Task | The lines wanted are those from the one containing "Dental Implants Before and After" to the last line of the entries below; output them exactly, leaving out pictures.

(Pictures with short captions)
________________________

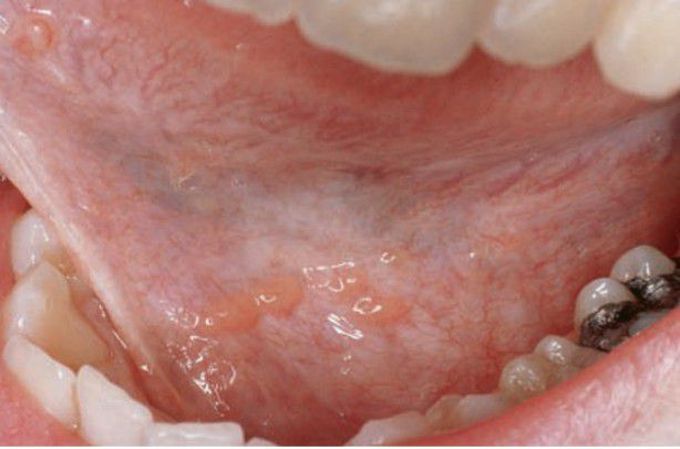 Ectopic lymphoid tissue in floor of mouth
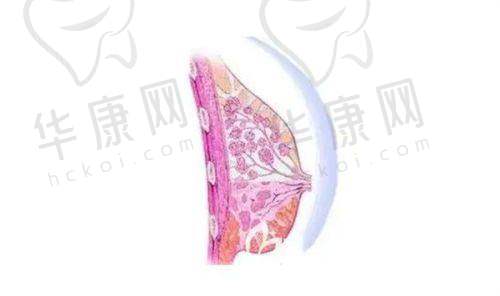 成都西区医院整形美容科宋华敬腹壁成形之个性化方案制定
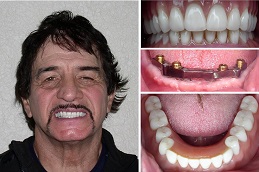Dental Implants Before and After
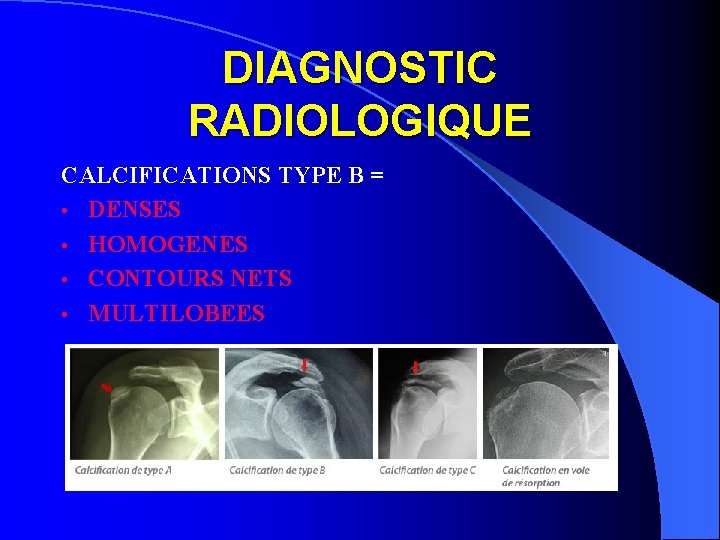 DIAGNOSTIC RADIOLOGIQUE CALCIFICATIONS TYPE B = • DENSES • HOMOGENES • CONTOURS NETS •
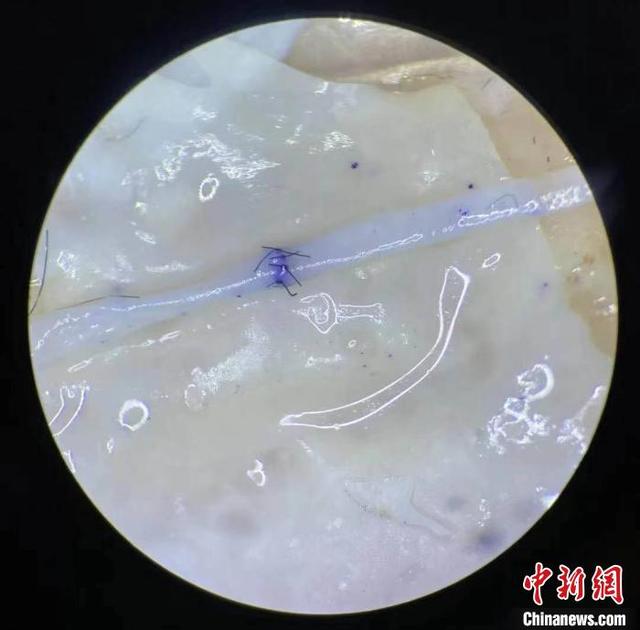 外科|专注“毫米功夫”：外科医生用生鸡翅练习缝合技术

________________________

Exercise output |
Dental Implants Before and After
 DIAGNOSTIC RADIOLOGIQUE CALCIFICATIONS TYPE B = • DENSES • HOMOGENES • CONTOURS NETS •
 外科|专注“毫米功夫”：外科医生用生鸡翅练习缝合技术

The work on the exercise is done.